J’arrive à Estaing à 21h30, ambiance embouteillage : voitures partout, accompagnants en pagaille, coureurs slalomant comme des cabris sous amphétamines.

Ravito royal : crêpes Nutella ou fromage, soupe, tucs, bref le festin. Mais je reste raisonnable, j’opte pour du salé. Je sais ce qui m’attend.

Estaing → Ilhéou → Cauterets : le juge de paix

Sortie du ravito, 5 km plats et tranquilles jusqu’au lac d’Estaing. Marche rapide, bâtons, ambiance posée. Puis… la montée redoutée. Un gars du coin m’accompagne. Je lui dis « surtout, ne me raconte pas ce qui nous attend ». Il se tait. Gloups.

Et en effet… c’est violent. Première partie raide dans les bois, seconde partie à découvert où tu vois les frontales là-haut et tu te demandes si ce n’est pas un avion. 2h de montée, personne ne parle, tout le monde est concentré. Enfin… miracle : le col ! On n’ose pas y croire. Minuit.

Descente annoncée comme “interminable” par mon guide local. Spoiler : il avait raison. Le refuge d’Ilhéou (le bien nommé) me semble au bout du monde. Je l’atteins à 0h50, rincé mais content : +38 places dans la montée.

La suite jusqu’à Cauterets, c’est une descente technique, sans répit, parfois scabreuse. Des passages à flanc, des désescalades glissantes, tout ce qu’on aime… ou pas. Concentration maximale, je suis en mode robot. Ça commence à bien tirer sur les quadris.

Enfin la ville. 2h11 du matin. J’entre au ravito, vidé mais heureux : sur les trois KV nocturnes, je viens de passer le pire.

Cauterets : le gouffre mental (mais pas pour moi)

Cauterets, c’est le genre d’endroit où beaucoup de coureurs laissent leur âme. Ravito bien fourni, ambiance un peu froide, fauteuils moelleux et surtout… la tentation d’arrêter là. Mais moi, je suis bien. Soupe, fromage, coca. Je change mes chaussettes pour la 2ᵉ fois et ça repart.

Je ne reste que 15 min. Quelques encouragements au passage, et je me relance dans la nuit. Prochaine mission : le col de Riou. Moins raide, plus en lacets, mais encore un gros morceau.

Et là je me dis : “Allez, encore un KV, et je sors de la nuit.”

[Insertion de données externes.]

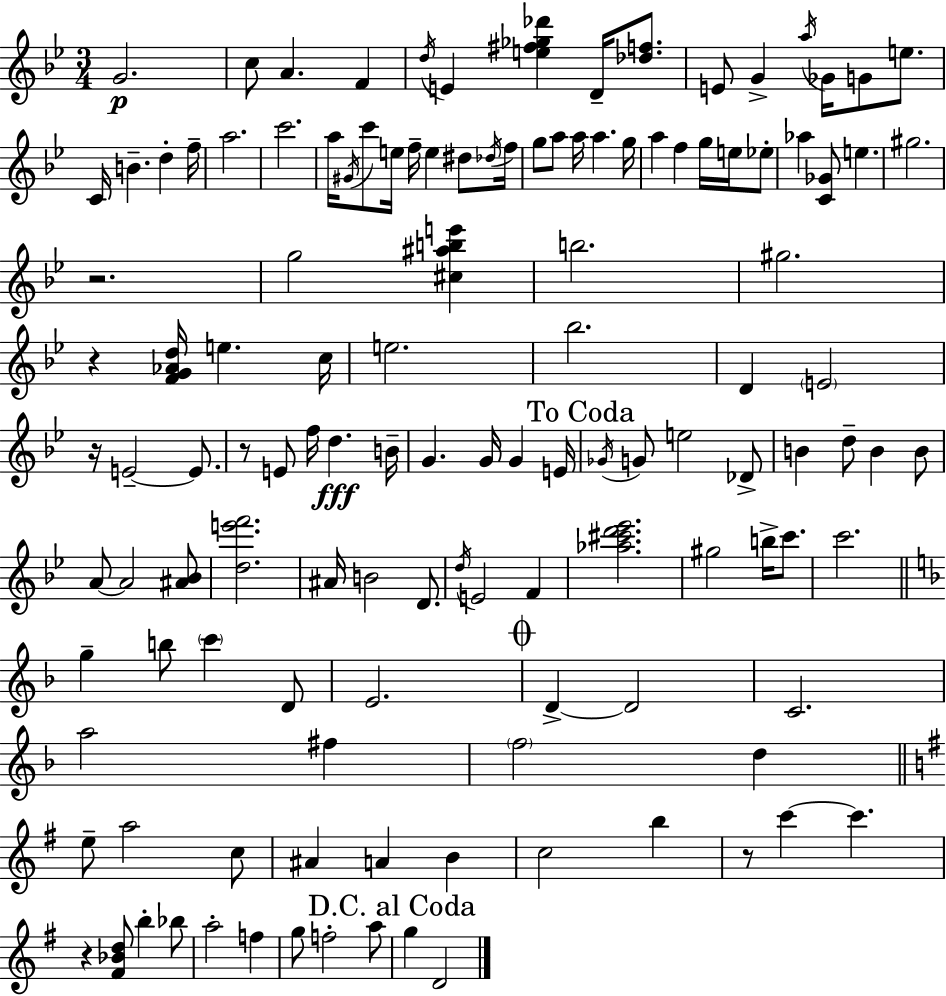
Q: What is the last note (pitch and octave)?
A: D4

Jusqu’ici, ça avait presque l’air idyllique, non ? Eh bien pas tout à fait… Car c’est justement dans cette montée en douceur, en lacets bien sages sur un large chemin, que le manque de sommeil décide de me tomber dessus comme un couperet. Je suis seul, aucune frontale devant, aucune derrière : ambiance “solo mode activé”. La pente est tellement faible que j’ai l’impression qu’il va me falloir une éternité pour avaler ces 1000 mètres de D+.

Heureusement, l’arrivée sur l’estive de Riou me colle une bonne claque d’air frais — de quoi me réveiller un peu — et, cerise sur le gâteau, les pourcentages se corsent enfin. Ça pique sur la fin, mais au moins ça grimpe vraiment, et je finis par passer le col.

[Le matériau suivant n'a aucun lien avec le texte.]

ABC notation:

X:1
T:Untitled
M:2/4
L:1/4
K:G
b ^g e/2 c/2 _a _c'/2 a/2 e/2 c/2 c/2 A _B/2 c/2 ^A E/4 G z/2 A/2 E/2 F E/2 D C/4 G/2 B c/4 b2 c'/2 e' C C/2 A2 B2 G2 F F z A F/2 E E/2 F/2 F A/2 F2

Cette fois, pas de détour par Aullian : on file direct sur Béderet par un petit 1,5 km de chemin roulant et plutôt rapide. En débarquant au ravito, un drôle de constat s’impose : “Ce que tu redoutais le plus est derrière toi”. Et cerise dans la soupe (littéralement) : de mémoire, c’est là qu’on trouve la meilleure du parcours.

La descente vers Luz, je la connais déjà, et elle n’a pas changé : une succession de passages sur le GR10, souvent glissants et pleins de pièges, entrecoupés de traversées de route. Ensuite, il faudrait encore courir dans les villages avant Luz… sauf que, soyons honnêtes, je n’y arrive pas vraiment. Résultat : 1h30 pour descendre de Béderet. Pas catastrophique, pas brillant non plus. Disons… “correct, sans plus”.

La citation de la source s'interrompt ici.